Maureen "Mo" Dowd is a Pulitzer Prize winning editorial columnist for the New York Times. I don't tend to read her columns; she has been described as a "snarky" liberal, with which I have no problem (snarky? I guess if you give wide media coverage to Paris Hilton and Mittel-Amerika puts Oprah Winfrey in charge of the reading list, expressions like this creep into the language), but Mo's writing strikes me as if she is unaware that American literature existed before 1966. Nevertheless, her description of a Get Motivated! seminar is interesting:

"The second time the beach ball hit me on the head, I started feeling motivated.

"Not to become an instant millionaire with the help of Jesus and some cheesy business evangelists. Rather, I felt motivated to flee the 9-hour, $9.95 Get Motivated! seminar at the Verizon Center, which had devolved into a faux beach party with DJs playing ’80s music and audience members tossing around plastic beach balls and dancing to Michael Jackson’s “Thriller” and Van Halen’s “Jump.”

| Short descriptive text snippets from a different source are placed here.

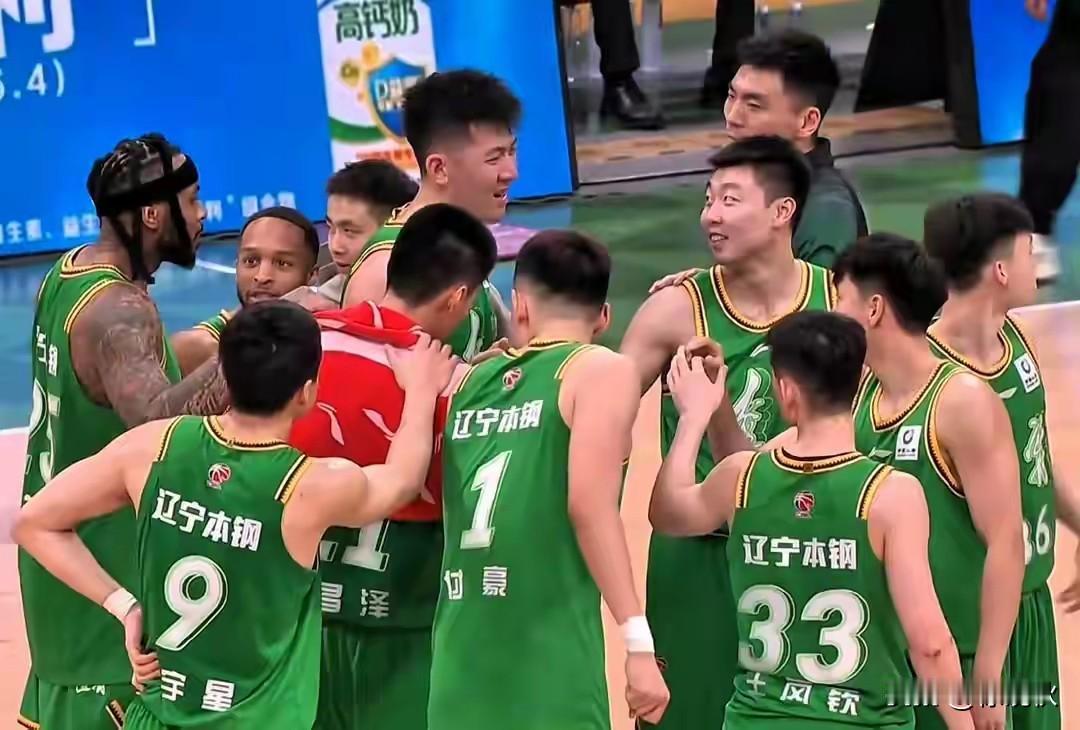 辽宁队取得一场不可思议的胜利。新赛季CBA联赛第二轮，其中一场强强焦点之战，辽宁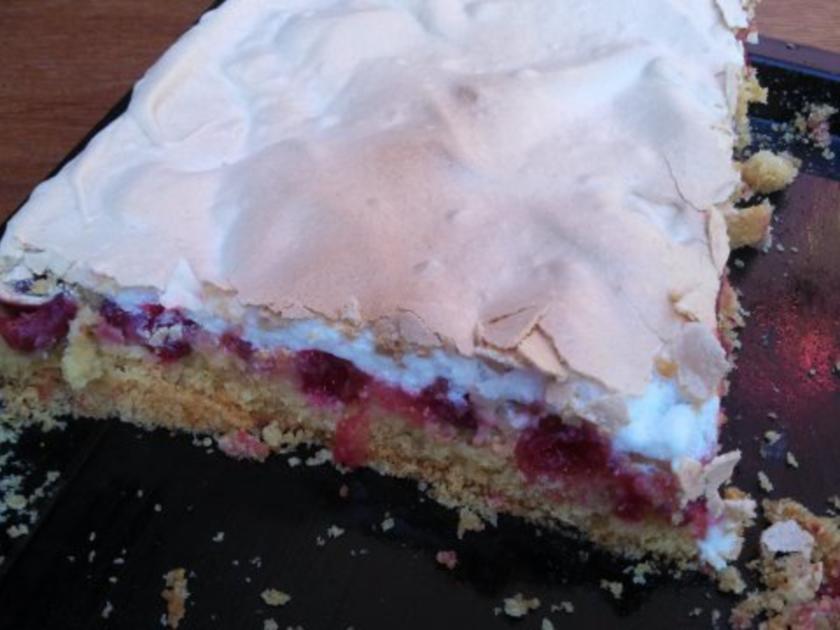 Stachelbeerkuchen mit Baiserhaube - einfach - 212 kcal/100g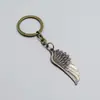 Llavero Decorativo de Cuero para Hombre con Alas de Pluma de Aleación Creativas y Personalizadas, Accesorio Versátil de Estilo Retro Artístico Simple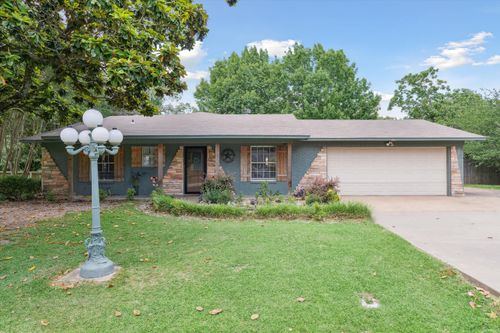 507 Cedar St, Edgewood, TX, 75117-2331 | Card Image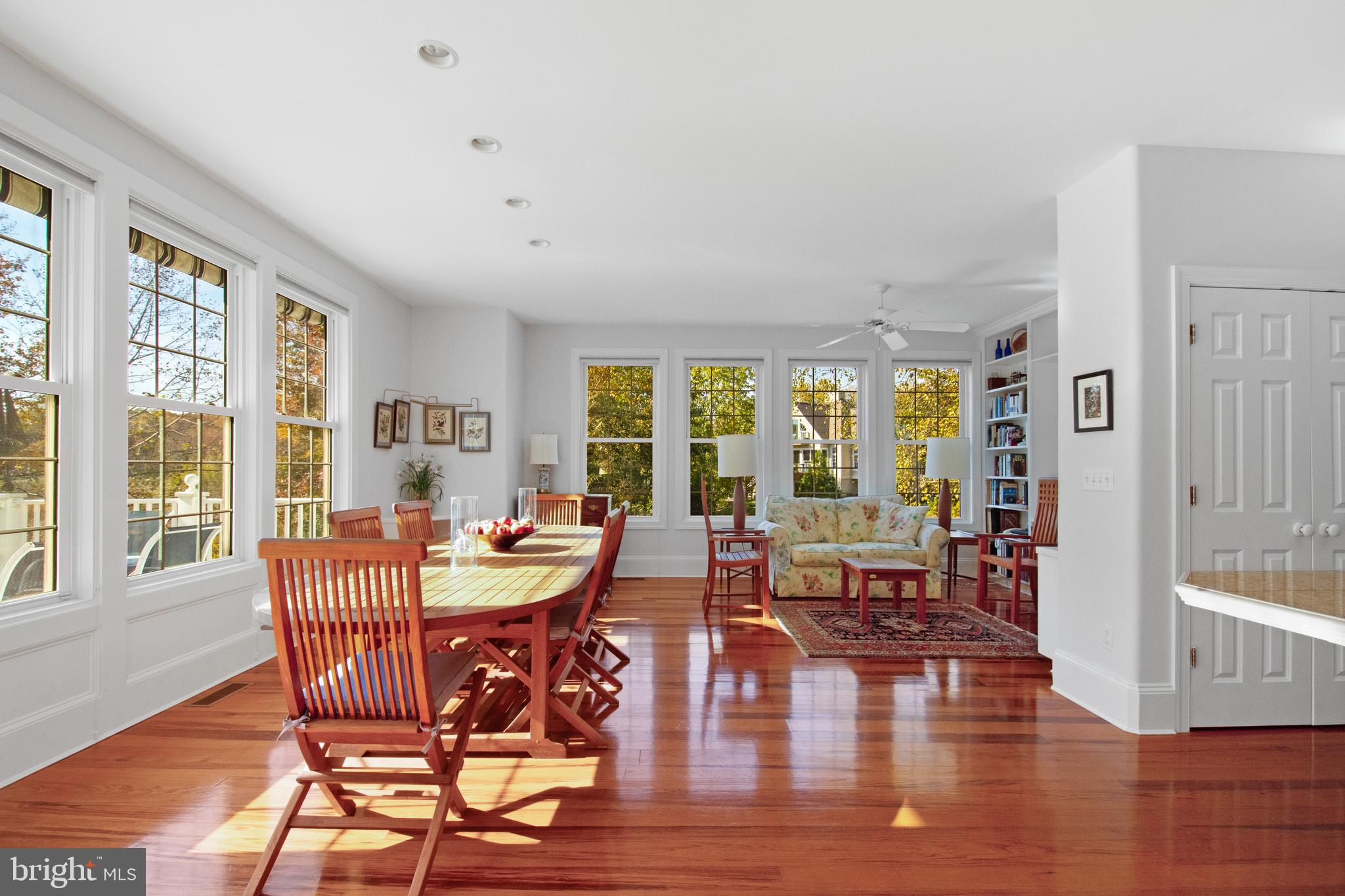GALESVILLE ESTATES - Residential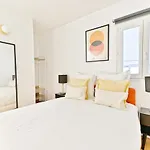 Charming Very Spacious Apartment, 9eme *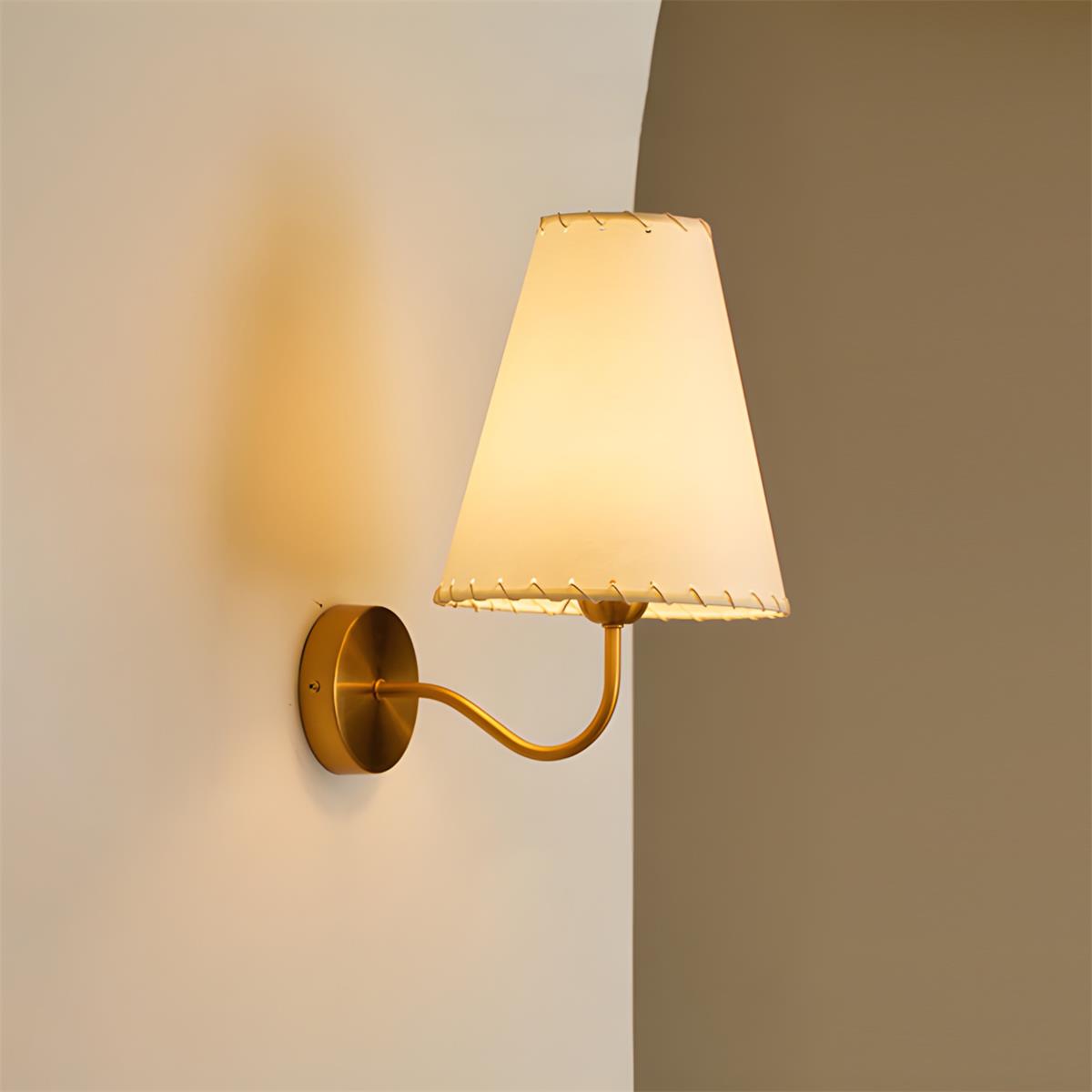 Gentle Bend Wall Lamp | Esilora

"But I stayed in the church of capitalism, determined to hear what wisdom headliners Colin Powell, Rudy Giuliani, Dan Rather, Steve Forbes and Terry Bradshaw would dispense."

This is the Get Motivated website:

http://www.getmotivated.com/

"The GET MOTIVATED Seminar is an action-packed, fun-filled, explosive, exciting, inspiring, skill-building business event that is world famous for its mega-watt superstar speakers and spectacular stage production. This blockbuster one-day seminar will give you proven strategies to sharpen your business skills, ignite your motivation, accelerate your effectiveness and increase your income!

"Only the BEST of the BEST appear on our stage! Dazzling pyrotechnics, live music and stunning special effects set the stage for our superstar speakers who deliver riveting presentations packed with cutting-edge skills for success.

"The GET MOTIVATED Seminar will give you and your team the latest and greatest information in the arenas of time management, leadership, goal achievement, sales training, negotiation, finances, investing, relationships, health, spiritual success, business strategies, motivation, communication skills and much more!"

Has the American educational system produced a generation of people who would be hard pressed to compete with sponges and coral?

What if you just want to take a shit and watch teevee?